EXERCISE DETAILS:
Your output should be the exact lines from the start of the data through the line containing "What about this", with no pictures.

DATASET CONTENT:
—————
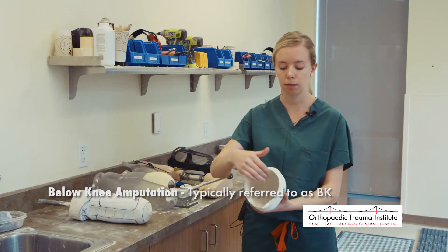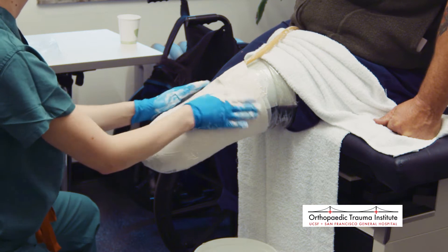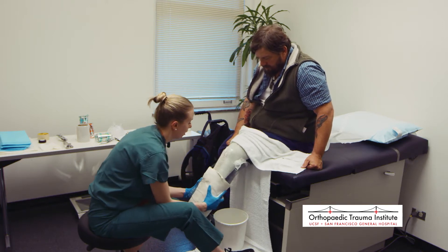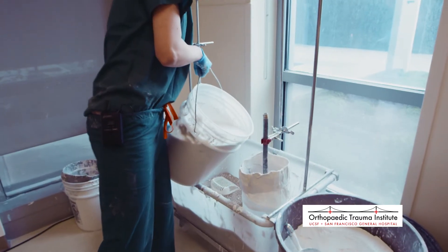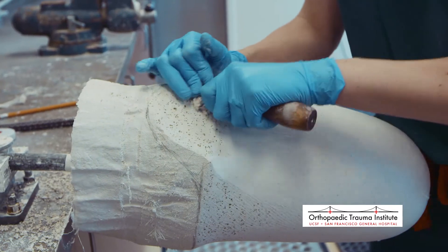The cast is hollow inside — it's just a copy of the limb, and it will be very customized based on where we can place pressure and where we can't. We're never trying to put pressure on the bottom or weight-bearing area of a cut bone, so we always try to make that comfortable. Once we have the cast, we fill it with plaster to get a positive model — an exact copy of your leg at the time of casting, though sometimes we change it to increase or reduce pressure in certain areas.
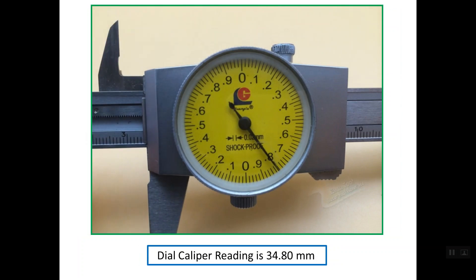What about this dial caliper? As you can see, the edge of the sliding part exceeds this line, and this is the last line on the main scale, so we read it as line number 34 mm. The main scale reading is 34 mm, and the rest of the reading comes from the dial. The pointer is aligning with line 0.80, so the total reading is 34.80 mm.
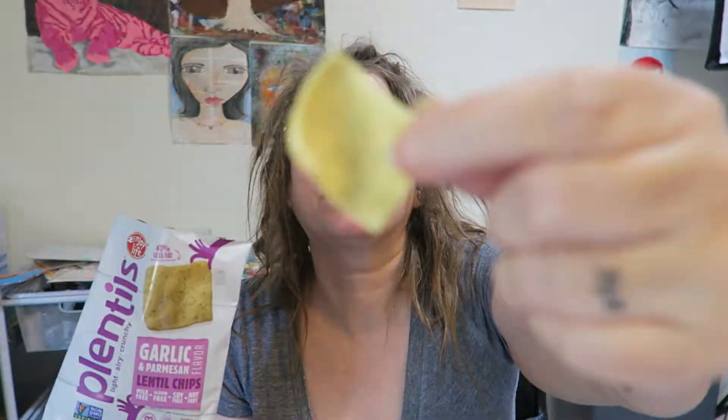They're very airy. It's actually not bad — texturally not bad at all. The flavor is nice, it's kind of mild but it's nice. I'm just happy with the texture being workable for me.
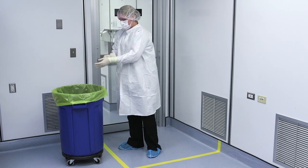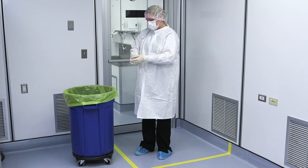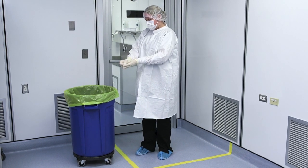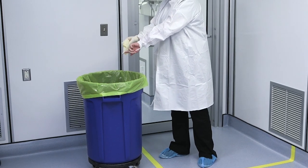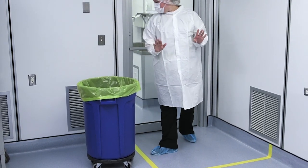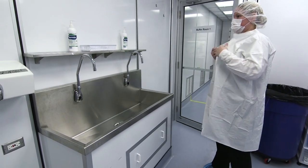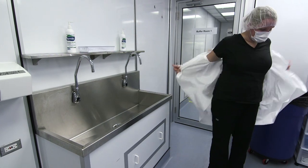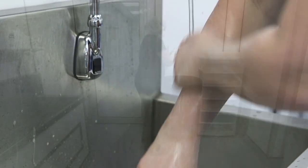Before leaving the HD buffer room, the worker must remove the remaining pair of gloves by pulling the first glove off without touching the wrists or skin, keeping the first glove in the palm of the still-gloved hand, then carefully slipping the forefinger of the bare hand underneath the cuff of the glove, removing the glove and making an inside-out packet of the gloves to discard. Next, exit the buffer room, remove the non-hazardous gown, perform hand hygiene with soap and water, and dry your hands.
—————
RESPONSE:
The cast is hollow inside — it's just a copy of the limb, and it will be very customized based on where we can place pressure and where we can't. We're never trying to put pressure on the bottom or weight-bearing area of a cut bone, so we always try to make that comfortable. Once we have the cast, we fill it with plaster to get a positive model — an exact copy of your leg at the time of casting, though sometimes we change it to increase or reduce pressure in certain areas.
What about this dial caliper? As you can see, the edge of the sliding part exceeds this line, and this is the last line on the main scale, so we read it as line number 34 mm. The main scale reading is 34 mm, and the rest of the reading comes from the dial. The pointer is aligning with line 0.80, so the total reading is 34.80 mm.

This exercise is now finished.